Agnès insiste sur le souci manifesté par Airbus pour l’égalité des chances, en fonction du taux de participation femmes/hommes dans les écoles de l’aéronautique. Airbus mène une politique forte de soutien aux associations qui font la promotion des vocations des femmes (métiers techniques, ingénierie) mais aussi en faveur des personnes handicapées ou d’origines sociales et culturelles étrangères.
«Parallèlement à ce travail, j’ai développé d’autres séries de photographies pour atteindre l’abstraction contemporaine. Il y a deux ans, mon père m’a défié d’y parvenir. J’ai donc choisi des sujets pouvant le mieux se traiter de façon abstraite comme l’eau. L'eau, de tout temps, dans toutes les cultures, est symbole de vie, de pureté mais aussi de renouveau, de changement. L’eau est toujours changeante, surprenante: tantôt limpide, cristalline ; tantôt opaque, trouble. A la fois miroir et matières ; reflets et relief; couleurs et transparence.
Cette richesse fait d'elle le matériau idéal pour une réflexion esthétique.
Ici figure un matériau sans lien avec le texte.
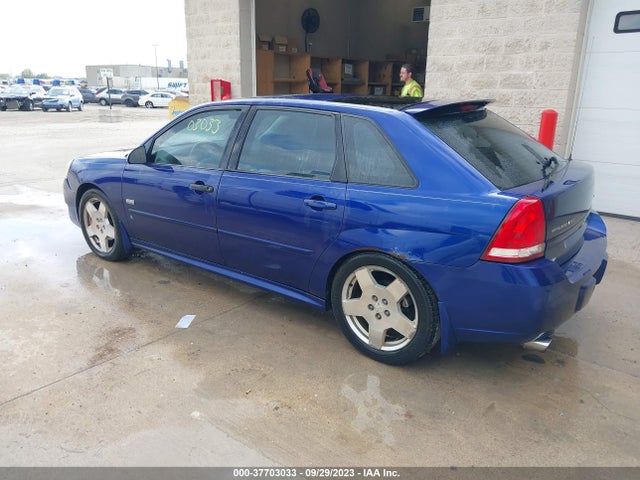 2006 CHEVROLET MALIBU MAXX SS VIN: 1G1ZW63186F232406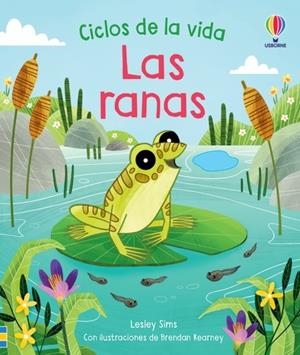 LAS RANAS CICLOS DE LA VIDA | 9781801317887 | Sims, Lesley | Librería Castillón - Comprar libros online Aragón, Barbastro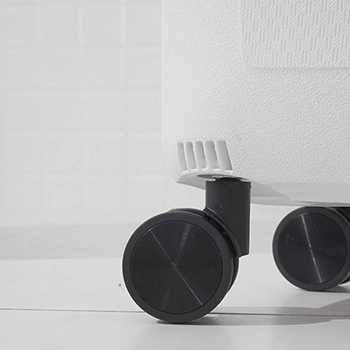 Бесшумные колёса с поворотом на 360°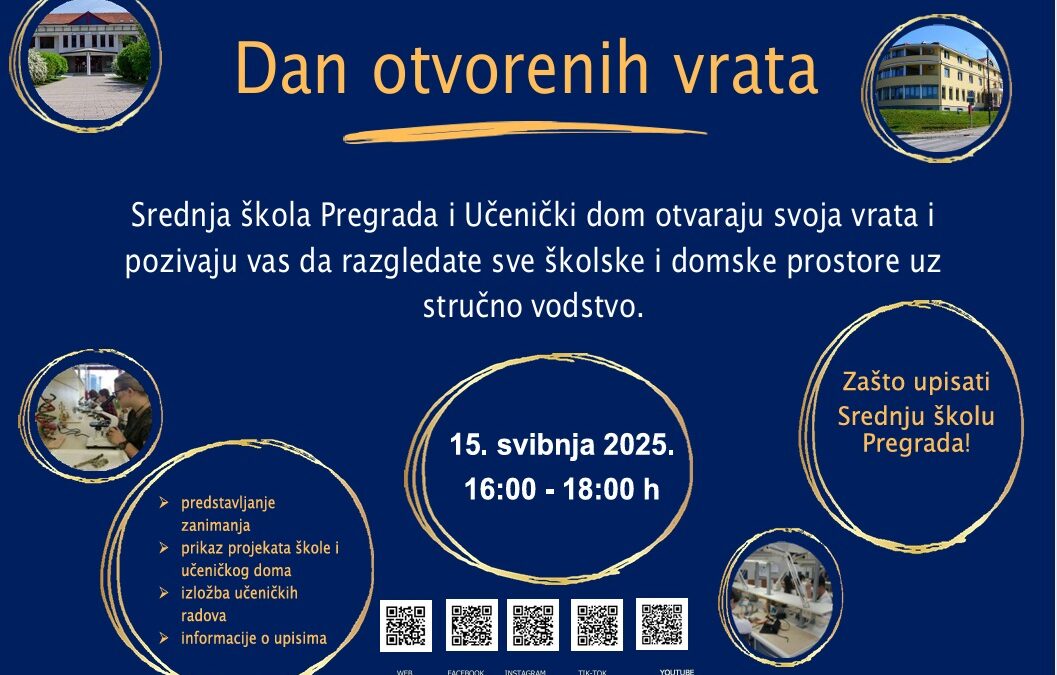 Dan otvorenih vrata Srednje škole Pregrada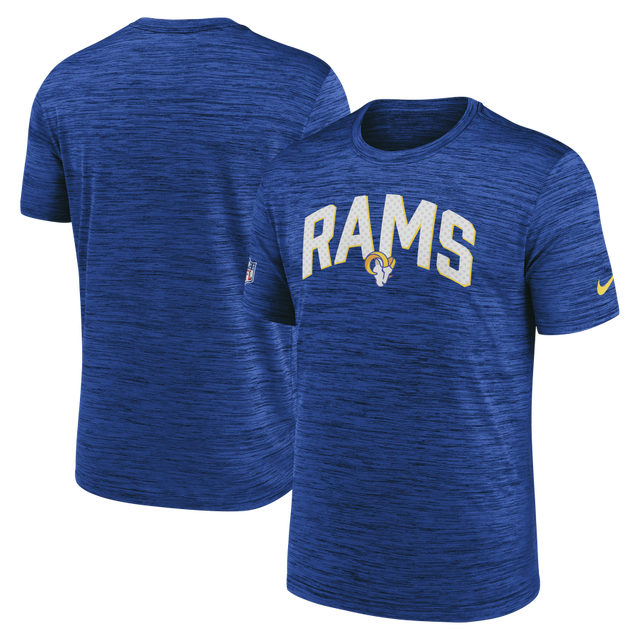 Rams Nike 2022 Velocity Performance T-shirt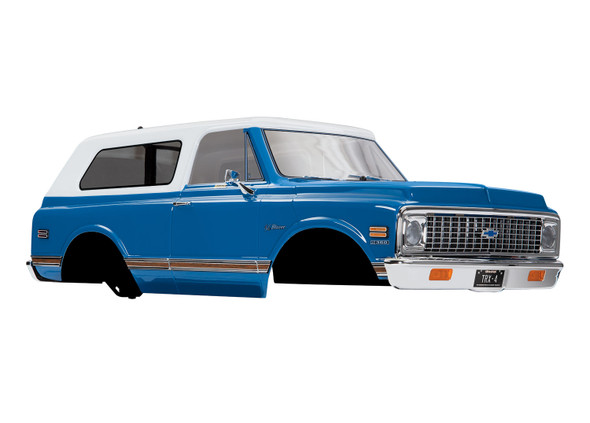 Traxxas 9111X K/5 1972 Chevrolet Blazer Blue Body Kit : TRX-4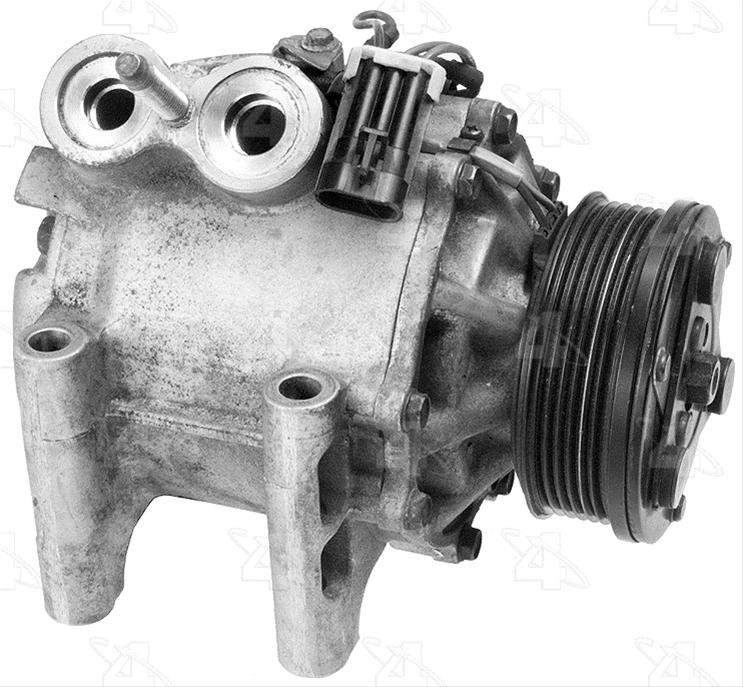 Four Seasons Air Conditioning Compressor Reman Aluminum TRSA12 R-134A Ea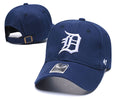 '47 Adult Detroit Tigers Navy Vintage Clean Up Adjustable Hat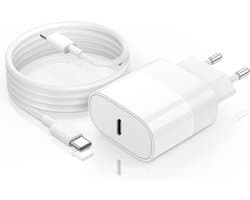 30W USB C Snellader - 2 Meter - Oplaadstekker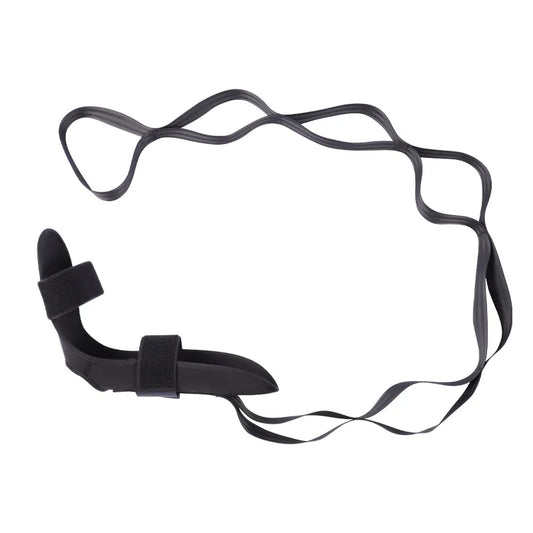 GlowStretch™ – Resistance Band for Legs, Lymphatic Flow & Flexibility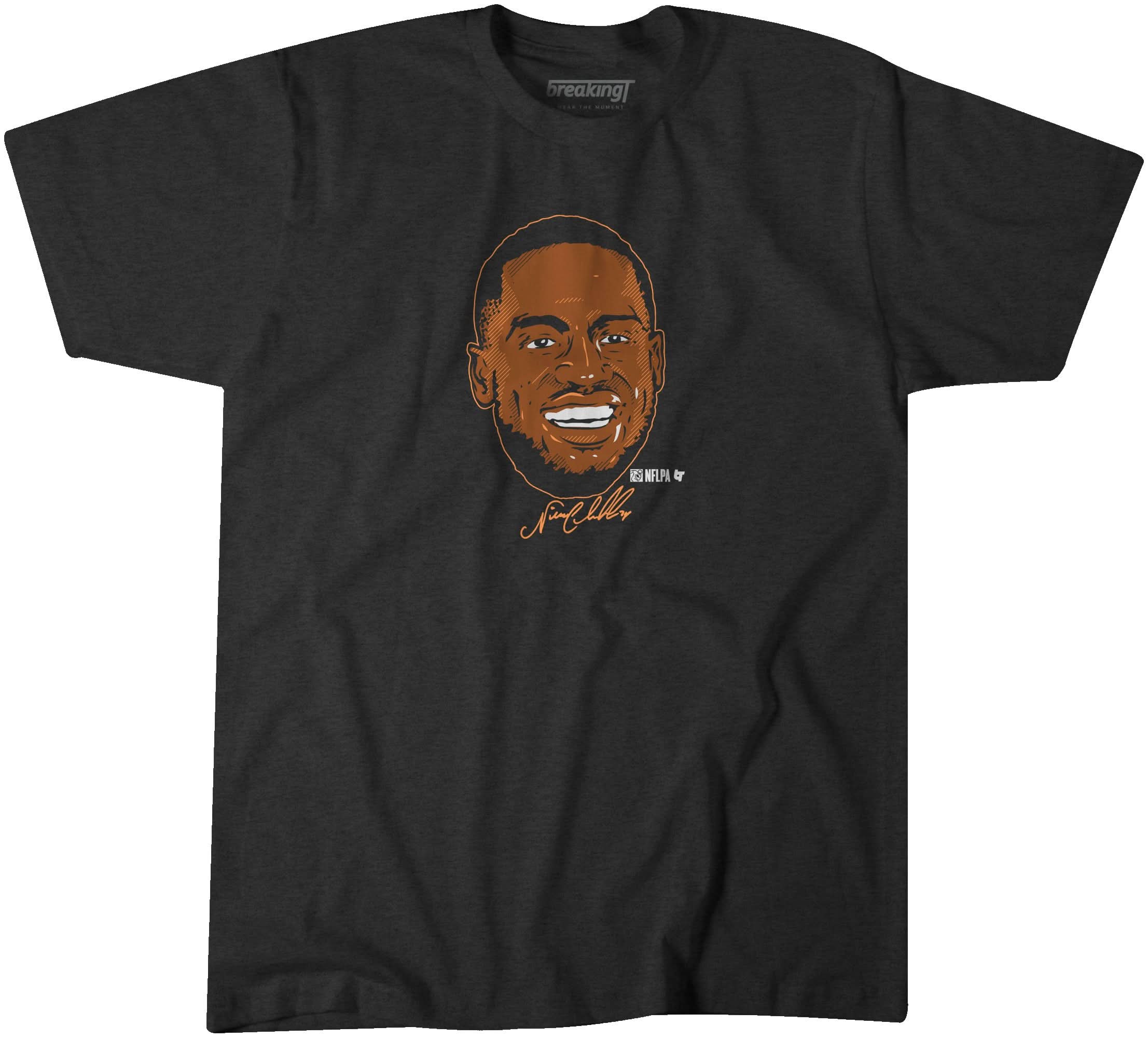 Nick Chubb Swag Head 1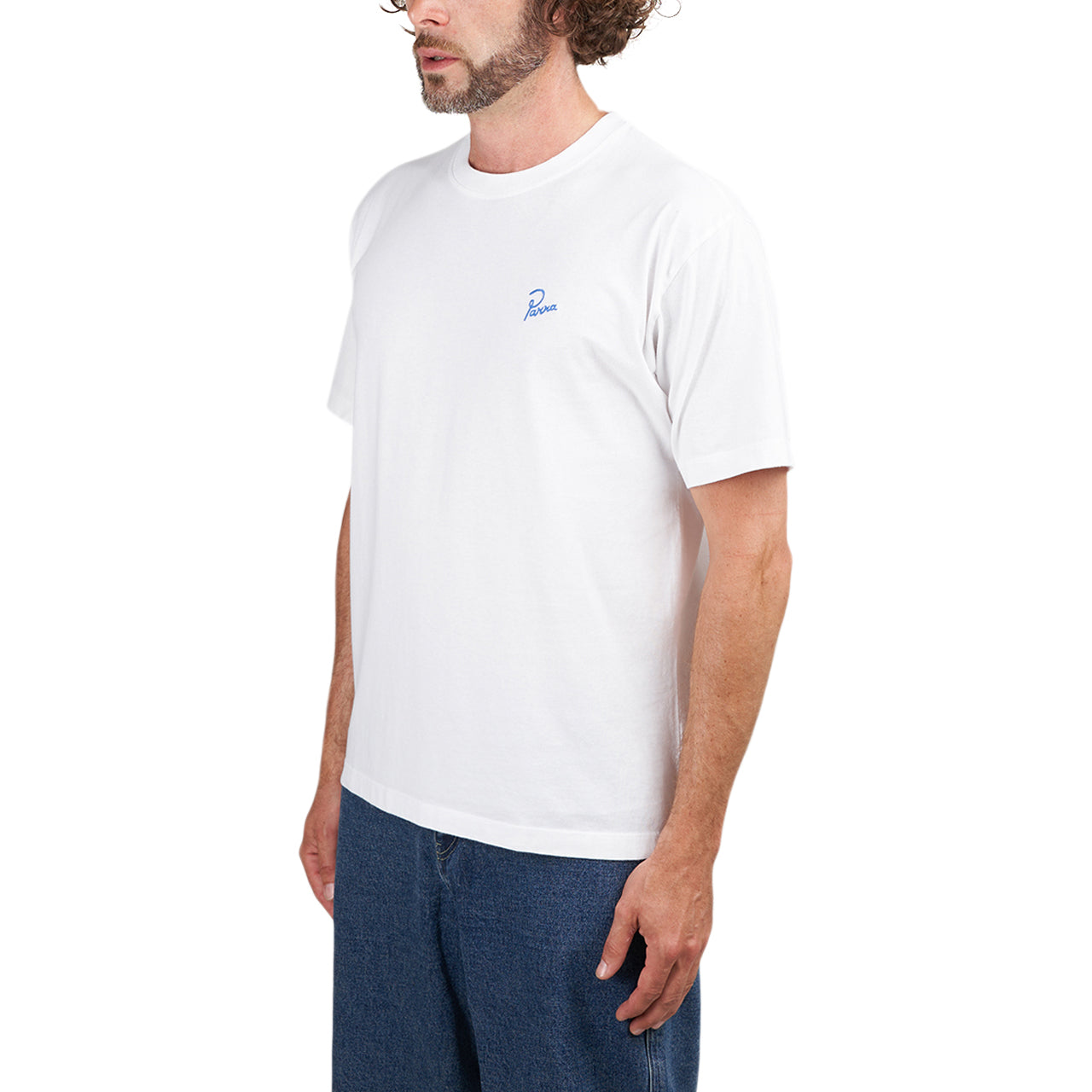 Parra Classic Logo T-Shirt (Weiß) - Allike Store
Elle devient pour la photographe ce que la gouache est au peintre. Que de ces photos, telles des peintures abstraites, jaillissent les beautés de l'eau!»
Et puis, le pointillisme…
«Puis j’en suis arrivée au pointillisme. Mon idée c’était de me rapprocher de Paul Klee et là j’ai fait ma série "Miroirs aux silhouettes"».
Agnès Leclercq exposera 25 photographies "Rose pour les filles" et 38 "Jeu de dames" pendant le mois de septembre 2010 à Airbus, au cours de ce mois eut lieu la « Family day » - les portes ouvertes d’Airbus aux familles des employés qui vit défiler 150 000 visiteurs au bureau d’étude d’Airbus. La série "Rose pour les filles" a été choisies pour décorer vingt salles de réunion du Bureau D'études à Saint Martin, autre site d’Airbus.
Ce 29 mai, un nouveau vernissage, au collège de Fontenilles (31) proposera de découvrir ses séries "pointillisme", "Miroirs aux silhouettes", "Diois" au collège de Fontenilles le mardi 29 mai à 18 heures.